|Amelie Gallery, Beijing, China
Opening: May, 5th, 15:00pm
Artists: Cui Yanwei, Tan Jun, Huang Liyan, Zhu Zhengming
Curator: Tony Chang
The individual aesthetic “tastes” of the artist are the most fundamental personalizing element in artistic creation, the thrust behind the pursuit of spirituality in painting. Painting in China has passed the phase of studying the techniques and styles of the Western masters, and the waves of passion for isms and schools have begun to recede. Meanwhile, currents are beginning to flow towards the placement of conceptuality over technique in painting. The artists of this exhibition, Cui Yanwei, Tan Jun, Huang Liyan and Zhu Zhengming are staunch in their faith that “Painting is an extreme sport, a difficult ascent with no end (Tan Jun’s words).” Their works do not wallow in conceptual gimmicks or the painterly tricks of ink and brush but directly paint doubts about the self and the essence of humanity. Their independent stylized creations express unique individual tastes, weaving a secretive atmosphere with the traditions of ancient Chinese painting, calling to mind the highly individual literati painters of old, such as the dignified and understated Ni Yunlin, the outlandish yet elegant Chen Laolian or the aloof and solitary Bada Shanren.
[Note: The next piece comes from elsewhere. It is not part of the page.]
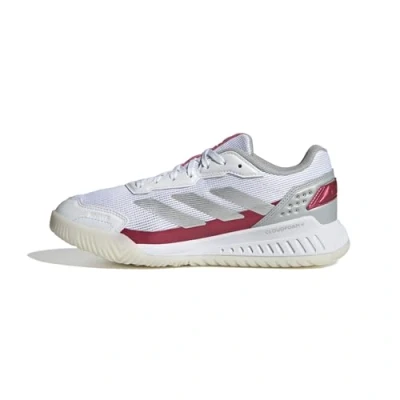 Image of adidas Performance Courtquick Padel shoes, Women&#039;s, Size: 9.5, Ftwr white silver met lucid pink Synthetics/textile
Immanuel Kant once researched the intricate relationship between aesthetics and taste, concluding that taste is both personal and beyond reasoning, and that there is no universally applicable standard for taste. In the realm of oriental art, “taste” is similar to the concept of “pin” emphasized by ancient calligraphers and painters, as in the four classes of “pin” or taste emphasized by Zhu Jingxuan in Famous Paintings of the Tang Dynasty: the “shen,” or spiritual aspect, “miao,” or inspiration, “neng,” or capabilities, and “yi,” or the reclusive spirit, all attributes connected to the level of painting or the artist’s inclinations. For painting, “taste” is the fusion of multiple visual elements, expressed in the brushwork, colors, materials, texture, composition and form, and connected to the artist’s life experiences and cultural accumulation. On the other hand, taste seems to be innate, almost a destiny, abstract and difficult to put into words, existing within the artwork in a present yet invisible state, like stars shining from the bottom of a deep pond, muted yet profound.